Andy Lutomirski July 12, 2018, 9:09 p.m. UTC | #1

> On Jul 11, 2018, at 4:29 AM, Joerg Roedel <joro@8bytes.org> wrote:
> 
> From: Joerg Roedel <jroedel@suse.de>
> 
> Use the entry-stack as a trampoline to enter the kernel. The
> entry-stack is already in the cpu_entry_area and will be
> mapped to userspace when PTI is enabled.
> 
> Signed-off-by: Joerg Roedel <jroedel@suse.de>
> ---
> arch/x86/entry/entry_32.S        | 136 +++++++++++++++++++++++++++++++--------
> arch/x86/include/asm/switch_to.h |   6 +-
> arch/x86/kernel/asm-offsets.c    |   1 +
> arch/x86/kernel/cpu/common.c     |   5 +-
> arch/x86/kernel/process.c        |   2 -
> arch/x86/kernel/process_32.c     |  10 +--
> 6 files changed, 121 insertions(+), 39 deletions(-)
> 
> diff --git a/arch/x86/entry/entry_32.S b/arch/x86/entry/entry_32.S
> index 61303fa..528db7d 100644
> --- a/arch/x86/entry/entry_32.S
> +++ b/arch/x86/entry/entry_32.S
> @@ -154,25 +154,36 @@
> 
> #endif /* CONFIG_X86_32_LAZY_GS */
> 
> -.macro SAVE_ALL pt_regs_ax=%eax
> +.macro SAVE_ALL pt_regs_ax=%eax switch_stacks=0
>    cld
> +    /* Push segment registers and %eax */
>    PUSH_GS
>    pushl    %fs
>    pushl    %es
>    pushl    %ds
>    pushl    \pt_regs_ax
> +
> +    /* Load kernel segments */
> +    movl    $(__USER_DS), %eax

If \pt_regs_ax != %eax, then this will behave oddly.

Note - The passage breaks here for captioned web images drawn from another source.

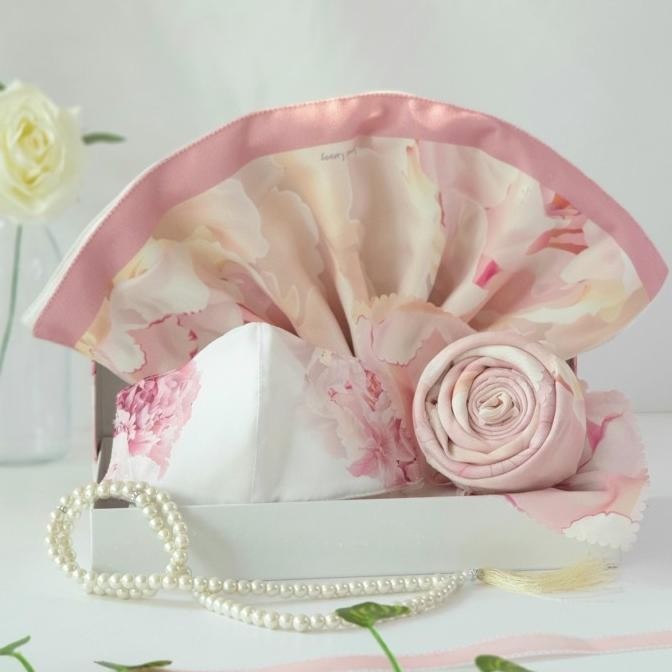 

Hampers Lebaran Seruni Living Paket Sajadah-Hijab-Masker Alyssa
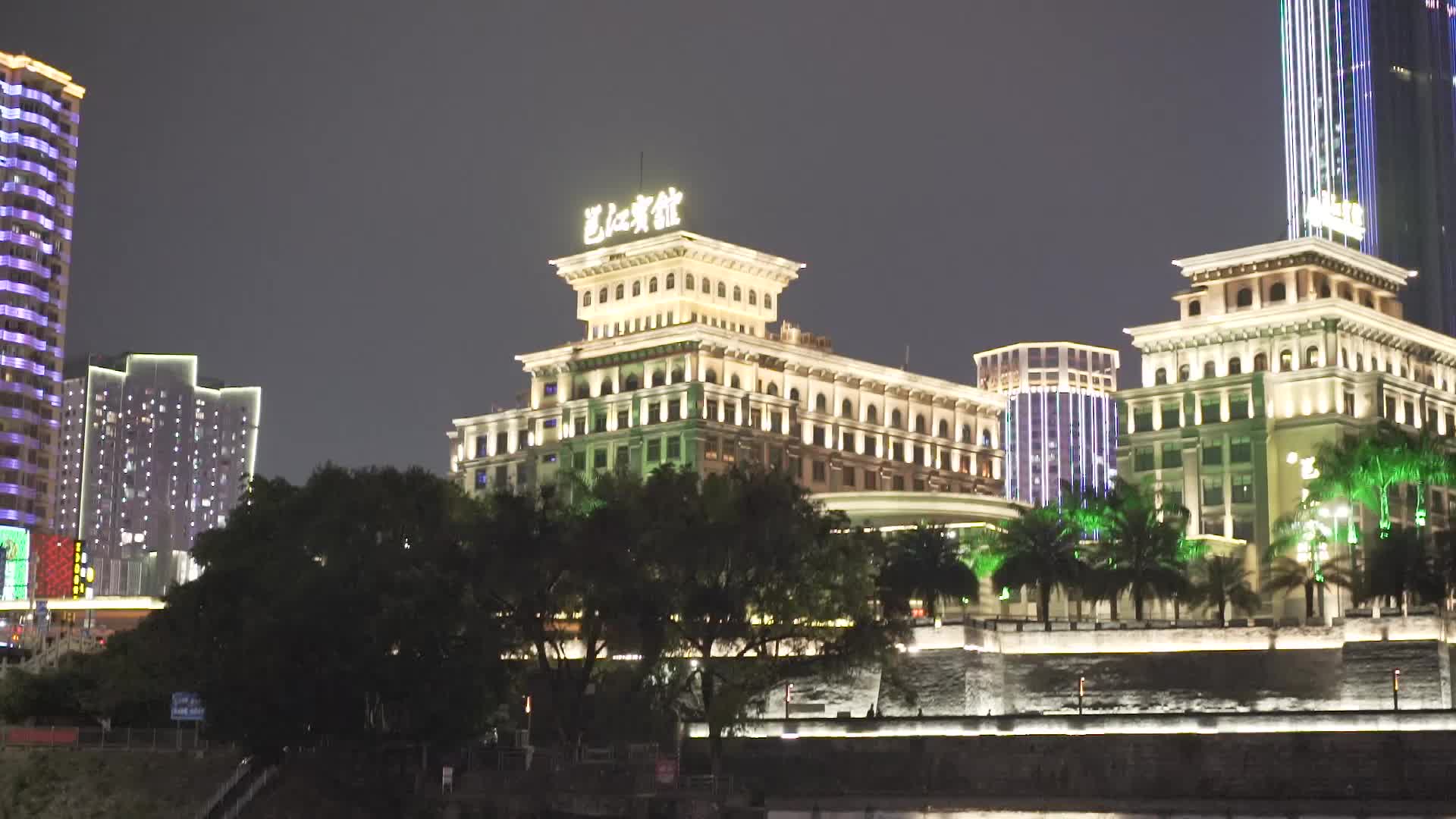 南宁邕江江边夜景视频的预览图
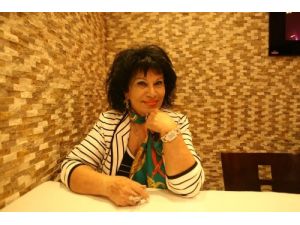 Ünlü Azerbaycanlı Sanatçı Zeynep Hanlarova, New York’ta Hayranlarıyla Buluşacak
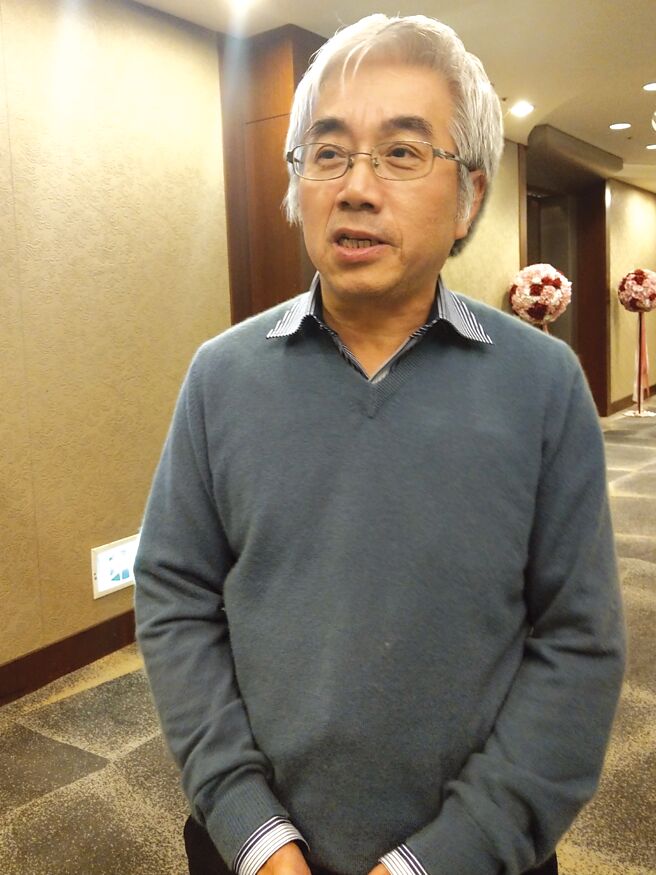 法人乐看优群2024年营运可望维持成长走势，年增率可望媲美2023年的15％。图为优群董事长王朝梁。图／本报资料照片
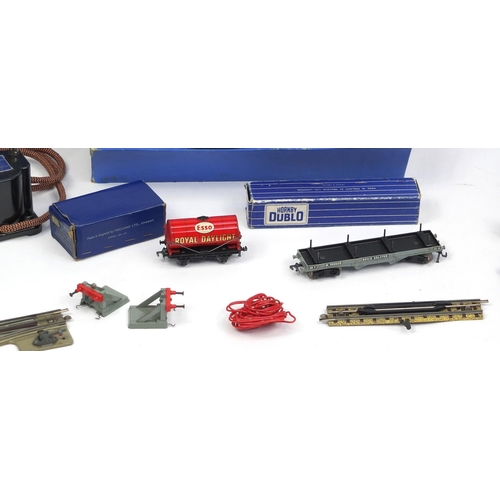 313 - Two Dublo electric train sets, tank goods train PDG7 and passenger train EDP12, both boxed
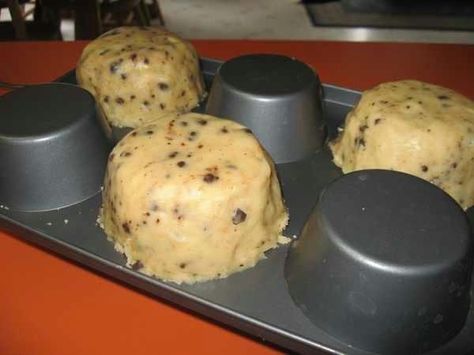 Isn't this a great idea. Put the cookie dough on the outside and make cookie bowls. Once they are baked... you can put Ice Cream inside of them. Cookie Bowls, Think Food, Muffin Tin, Yummy Sweets, Eat Dessert, Trifle, Sweets Treats, Muffin Pan, No Bake Cookies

Maybe it’s okay. But I don’t see why this change was needed at all.

> +    movl    %eax, %ds
> +    movl    %eax, %es
> +    movl    $(__KERNEL_PERCPU), %eax
> +    movl    %eax, %fs
> +    SET_KERNEL_GS %eax
> +
> +    /* Push integer registers and complete PT_REGS */
>    pushl    %ebp
>    pushl    %edi
>    pushl    %esi
>    pushl    %edx
>    pushl    %ecx
>    pushl    %ebx
> -    movl    $(__USER_DS), %edx
> -    movl    %edx, %ds
> -    movl    %edx, %es
> -    movl    $(__KERNEL_PERCPU), %edx
> -    movl    %edx, %fs
> -    SET_KERNEL_GS %edx
> +
> +    /* Switch to kernel stack if necessary */
> +.if \switch_stacks > 0
> +    SWITCH_TO_KERNEL_STACK
> +.endif
> +
> .endm
> 
> /*
> @@ -269,6 +280,72 @@
> .Lend_\@:
> #endif /* CONFIG_X86_ESPFIX32 */
> .endm
> +
> +
> +/*
> + * Called with pt_regs fully populated and kernel segments loaded,
> + * so we can access PER_CPU and use the integer registers.
> + *
> + * We need to be very careful here with the %esp switch, because an NMI
> + * can happen everywhere. If the NMI handler finds itself on the
> + * entry-stack, it will overwrite the task-stack and everything we
> + * copied there. So allocate the stack-frame on the task-stack and
> + * switch to it before we do any copying.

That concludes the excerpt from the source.